What the task asks:
Two lines mark the range in the entries below: the one holding "2-in-1 Painless Bikini Hair Trimmer" and the one holding "Corena - Vintage Turkish Area Rug". Set down those two and all lines between them, exactly.

[Listed entries — start]

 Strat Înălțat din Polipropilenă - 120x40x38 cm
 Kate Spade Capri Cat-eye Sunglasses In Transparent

[Listed entries — finish]
[Listed entries — start]

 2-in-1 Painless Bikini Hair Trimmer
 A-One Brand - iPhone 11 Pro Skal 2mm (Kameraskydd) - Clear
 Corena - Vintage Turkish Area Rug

[Listed entries — finish]
[Listed entries — start]

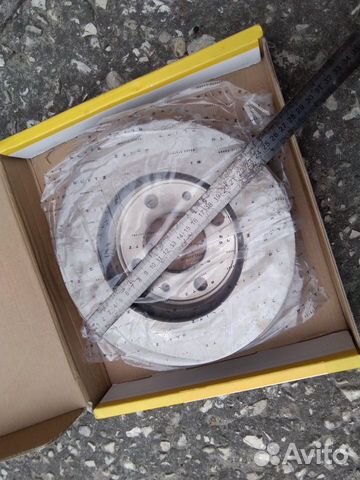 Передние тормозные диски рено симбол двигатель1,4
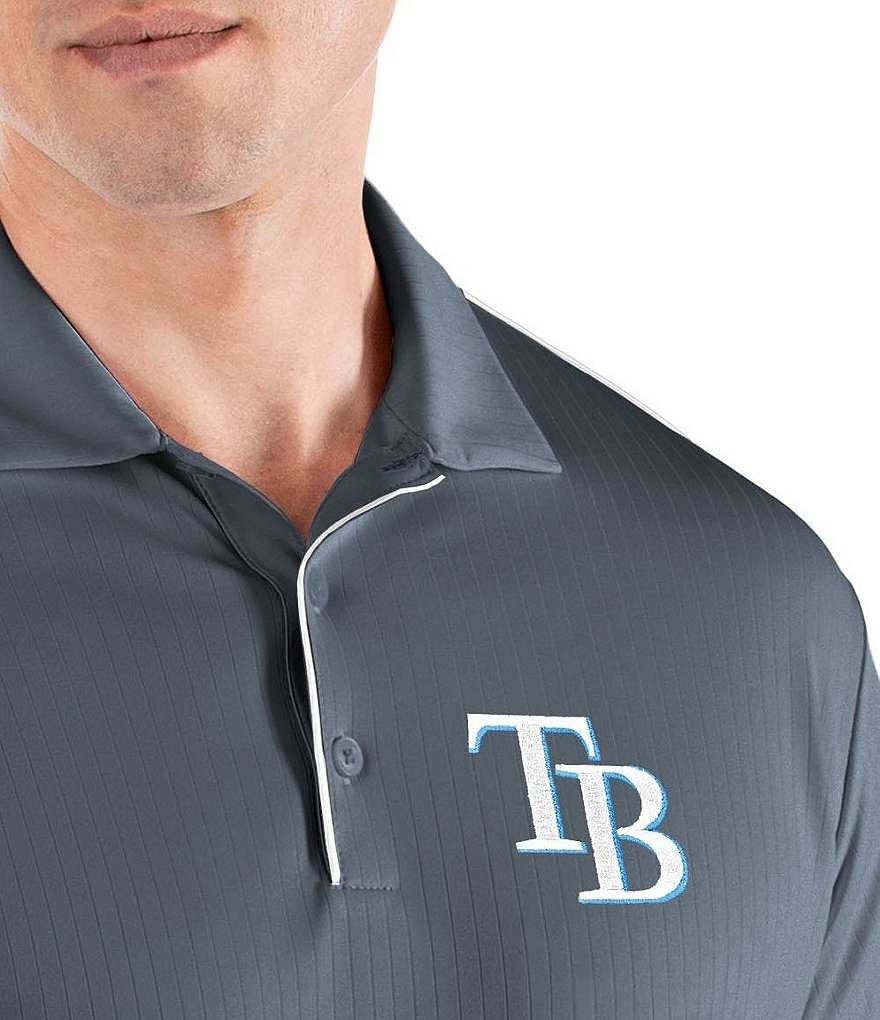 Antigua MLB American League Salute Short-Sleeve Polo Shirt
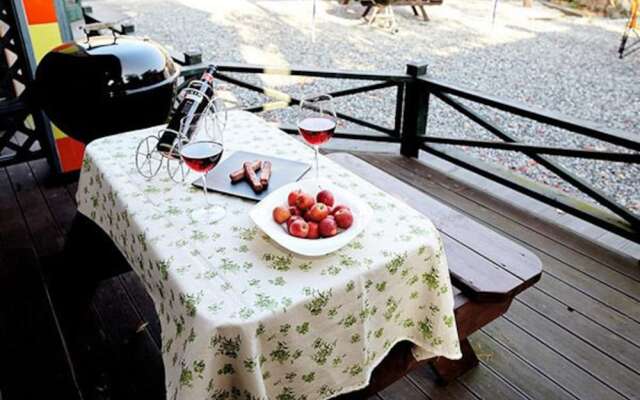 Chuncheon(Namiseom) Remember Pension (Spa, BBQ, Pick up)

[Listed entries — finish]

Reply to the exercise:
 2-in-1 Painless Bikini Hair Trimmer
 A-One Brand - iPhone 11 Pro Skal 2mm (Kameraskydd) - Clear
 Corena - Vintage Turkish Area Rug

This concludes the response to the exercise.